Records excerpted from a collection
"""

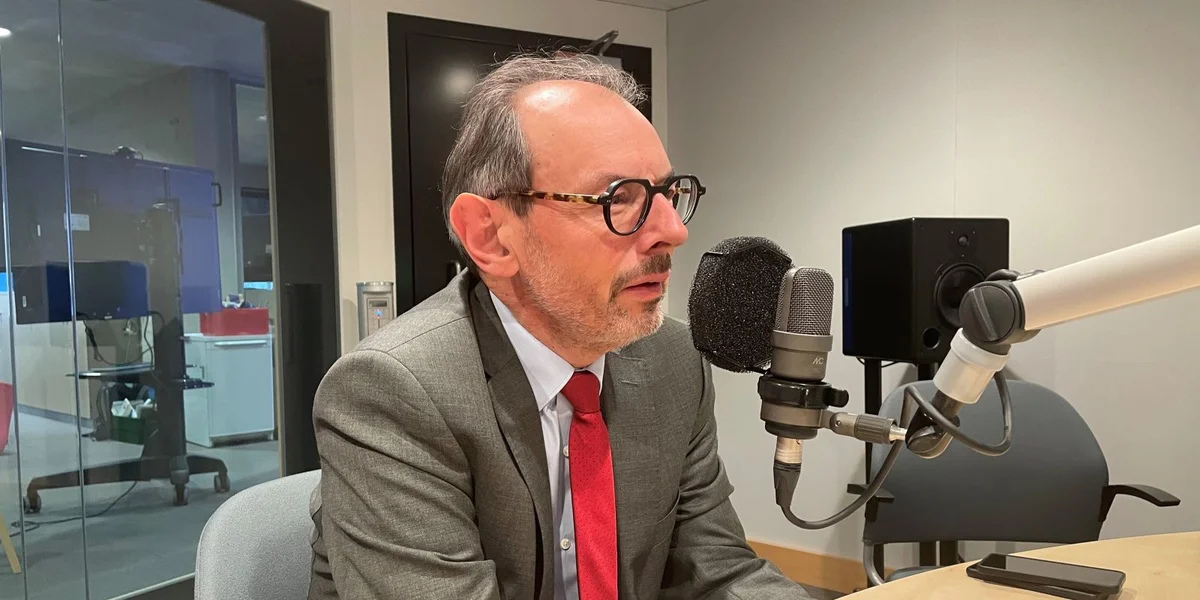 De franséischen Ambassadeur zu Lëtzebuerg, Christophe Bouchard. | © Maurice Molitor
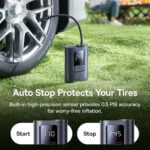 Baseus GoTrip VA1 Pro Wired Inflator - Image 5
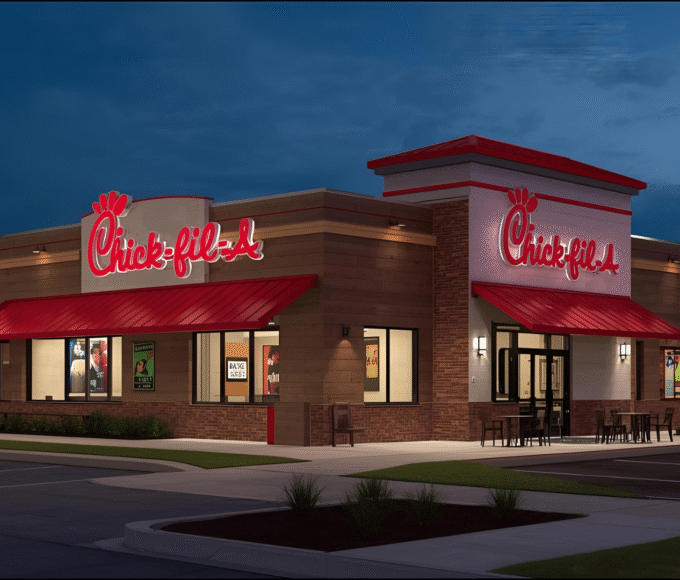 Chick-fil-A App Login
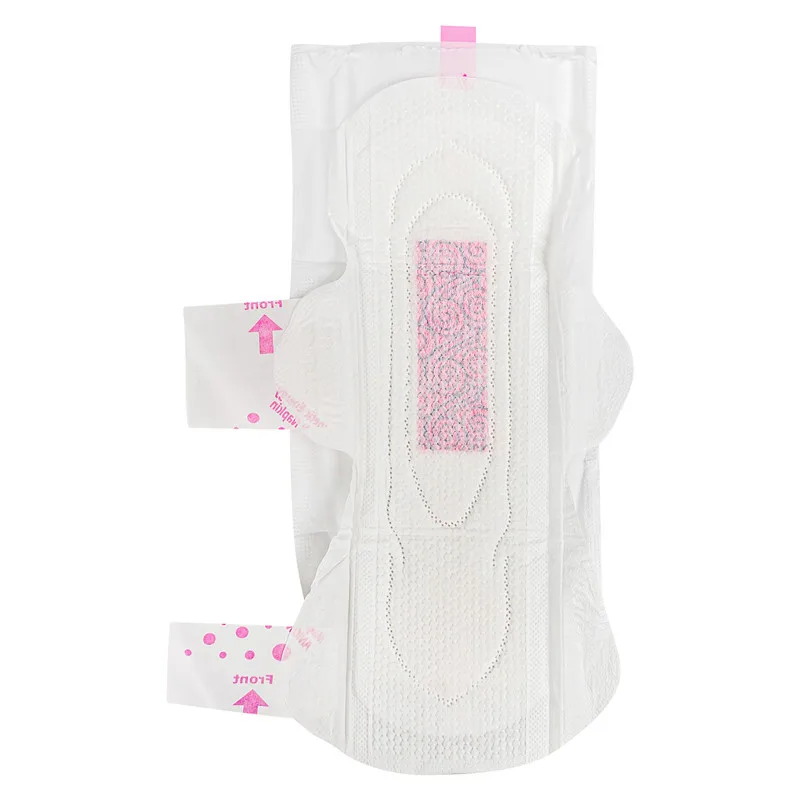 Free sample  Anion reusable sanitary pads menstrual OEM womens pads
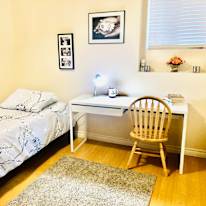 Marja Koivumaki's room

"""

Could you set down the data exactly as given, minus its pictures?

▸ RESPONSE TO THIS TASK
 De franséischen Ambassadeur zu Lëtzebuerg, Christophe Bouchard. | © Maurice Molitor
 Baseus GoTrip VA1 Pro Wired Inflator - Image 5
 Chick-fil-A App Login
 Free sample  Anion reusable sanitary pads menstrual OEM womens pads
 Marja Koivumaki's room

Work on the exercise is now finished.